À la veille des élections législatives, plusieurs associations, réseaux et coalitions de la société civile ont publié un communiqué dans lequel elles interpellent les partis politiques sur la nécessité de protéger la liberté de création et de fonctionnement des associations.
Le collectif annonce avoir adressé un mémorandum de plaidoyer aux formations en lice, estimant que la question de la liberté associative doit devenir un engagement politique clair, mesurable et suivi, plutôt qu’une simple déclaration d’intention.
Dans ce communiqué, les organisations signataires soulignent la persistance d’obstacles administratifs qui entravent l’exercice effectif du droit d’association. Elles évoquent notamment le refus de recevoir les dossiers de création ou de renouvellement, la non‑délivrance immédiate du récépissé provisoire, les retards dans la remise du récépissé définitif, la demande de documents non prévus par la loi ou encore la soumission de certains dossiers à des enquêtes ou validations préalables sans fondement juridique.
Selon elles, ces pratiques créent un décalage entre les garanties légales et la réalité administrative, transformant le régime déclaratif en une forme d’autorisation déguisée, ce qui fragilise la sécurité juridique des associations.
Les signataires rappellent que la liberté de constituer une association est un droit constitutionnel et non un privilège accordé par l’administration. Ils estiment que les entraves constatées affectent non seulement les organisations concernées, mais également la qualité du service public, la confiance dans les institutions et la participation citoyenne.
L’absence ou le retard du récépissé peut, selon le communiqué, compliquer l’ouverture de comptes bancaires, l’accès au financement, la conclusion de partenariats ou la justification de la qualité juridique des représentants légaux.
Les associations appellent les partis politiques à s’engager sur plusieurs mesures concrètes, dont la délivrance immédiate du récépissé provisoire dès le dépôt d’un dossier complet, la protection des associations contre les conséquences du refus ou de l’abstention de l’administration, la digitalisation des procédures via une plateforme nationale unifiée, la fin des exigences de documents non prévus par la loi, l’application des garanties de la loi 55.19 sur la simplification des procédures, la mise en place d’un mécanisme indépendant pour traiter les réclamations et la publication régulière de données sur les dossiers déposés et les délais de traitement.

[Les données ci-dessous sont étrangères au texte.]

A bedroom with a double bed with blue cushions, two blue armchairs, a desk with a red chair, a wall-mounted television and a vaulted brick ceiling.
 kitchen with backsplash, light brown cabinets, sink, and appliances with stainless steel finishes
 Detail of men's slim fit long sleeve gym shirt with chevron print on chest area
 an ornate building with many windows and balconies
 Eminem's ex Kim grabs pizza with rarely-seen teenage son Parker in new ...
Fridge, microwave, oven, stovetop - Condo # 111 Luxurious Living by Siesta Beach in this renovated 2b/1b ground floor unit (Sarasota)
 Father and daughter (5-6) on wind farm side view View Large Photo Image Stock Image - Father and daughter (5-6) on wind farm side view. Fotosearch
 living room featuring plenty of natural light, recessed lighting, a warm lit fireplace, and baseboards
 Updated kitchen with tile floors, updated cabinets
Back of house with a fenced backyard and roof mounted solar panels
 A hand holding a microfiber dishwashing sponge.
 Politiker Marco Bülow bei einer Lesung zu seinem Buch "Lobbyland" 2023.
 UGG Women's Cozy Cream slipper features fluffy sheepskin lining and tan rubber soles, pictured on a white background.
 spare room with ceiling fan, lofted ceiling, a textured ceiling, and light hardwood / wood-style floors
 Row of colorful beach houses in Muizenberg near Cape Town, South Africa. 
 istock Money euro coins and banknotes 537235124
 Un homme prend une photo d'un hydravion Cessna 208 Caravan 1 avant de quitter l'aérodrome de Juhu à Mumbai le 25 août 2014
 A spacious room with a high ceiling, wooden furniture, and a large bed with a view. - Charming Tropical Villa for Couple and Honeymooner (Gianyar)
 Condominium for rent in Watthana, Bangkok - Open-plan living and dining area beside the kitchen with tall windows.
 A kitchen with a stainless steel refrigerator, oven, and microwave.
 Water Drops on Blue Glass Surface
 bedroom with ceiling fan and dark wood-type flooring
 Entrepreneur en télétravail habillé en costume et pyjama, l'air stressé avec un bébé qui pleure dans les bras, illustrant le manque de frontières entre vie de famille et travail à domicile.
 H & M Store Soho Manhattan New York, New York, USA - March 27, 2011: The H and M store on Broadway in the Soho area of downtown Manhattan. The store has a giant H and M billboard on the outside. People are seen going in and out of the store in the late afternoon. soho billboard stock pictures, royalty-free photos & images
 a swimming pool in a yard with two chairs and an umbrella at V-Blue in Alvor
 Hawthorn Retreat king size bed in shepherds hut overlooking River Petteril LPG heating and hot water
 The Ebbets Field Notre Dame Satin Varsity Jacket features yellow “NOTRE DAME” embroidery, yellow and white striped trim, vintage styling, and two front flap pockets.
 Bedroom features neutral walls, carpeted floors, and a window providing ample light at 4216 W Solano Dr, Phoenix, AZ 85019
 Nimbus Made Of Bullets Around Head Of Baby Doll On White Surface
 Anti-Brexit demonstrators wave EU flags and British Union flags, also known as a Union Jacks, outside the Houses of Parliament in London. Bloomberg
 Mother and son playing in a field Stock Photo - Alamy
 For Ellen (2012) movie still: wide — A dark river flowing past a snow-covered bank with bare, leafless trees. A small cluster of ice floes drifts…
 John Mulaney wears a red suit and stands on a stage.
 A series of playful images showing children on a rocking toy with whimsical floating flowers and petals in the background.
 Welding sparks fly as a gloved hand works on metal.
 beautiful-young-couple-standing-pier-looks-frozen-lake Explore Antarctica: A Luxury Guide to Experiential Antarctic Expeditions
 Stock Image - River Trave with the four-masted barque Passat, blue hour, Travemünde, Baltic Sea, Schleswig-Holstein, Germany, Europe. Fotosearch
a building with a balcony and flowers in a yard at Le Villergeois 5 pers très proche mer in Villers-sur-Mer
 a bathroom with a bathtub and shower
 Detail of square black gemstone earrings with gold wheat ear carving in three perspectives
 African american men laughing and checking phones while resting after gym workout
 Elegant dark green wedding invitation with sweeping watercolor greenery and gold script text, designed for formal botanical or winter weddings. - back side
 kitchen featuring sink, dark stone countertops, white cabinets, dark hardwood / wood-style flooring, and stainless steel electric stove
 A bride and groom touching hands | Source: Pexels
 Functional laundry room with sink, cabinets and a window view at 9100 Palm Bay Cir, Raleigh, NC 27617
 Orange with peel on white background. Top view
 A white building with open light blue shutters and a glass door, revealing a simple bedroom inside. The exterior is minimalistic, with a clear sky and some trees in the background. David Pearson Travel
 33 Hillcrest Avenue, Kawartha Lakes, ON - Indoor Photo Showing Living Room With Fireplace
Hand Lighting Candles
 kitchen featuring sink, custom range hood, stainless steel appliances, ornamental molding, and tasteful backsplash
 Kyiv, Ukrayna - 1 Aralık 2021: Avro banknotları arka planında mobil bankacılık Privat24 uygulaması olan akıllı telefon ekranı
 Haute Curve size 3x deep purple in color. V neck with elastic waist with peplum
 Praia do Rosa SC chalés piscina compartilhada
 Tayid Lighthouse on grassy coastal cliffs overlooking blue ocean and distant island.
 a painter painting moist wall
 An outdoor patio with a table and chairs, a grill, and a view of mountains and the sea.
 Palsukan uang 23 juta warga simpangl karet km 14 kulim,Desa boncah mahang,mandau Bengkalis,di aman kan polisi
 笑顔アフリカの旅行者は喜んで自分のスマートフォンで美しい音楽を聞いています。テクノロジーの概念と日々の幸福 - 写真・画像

Le communiqué conclut en invitant les partis à intégrer dans leurs programmes électoraux des engagements explicites et évaluables en matière de liberté associative.

Il les appelle également, une fois au Parlement ou au gouvernement, à utiliser les mécanismes législatifs et de contrôle pour préserver le caractère déclaratif du régime juridique des associations et rejeter toute tentative de le transformer en autorisation préalable.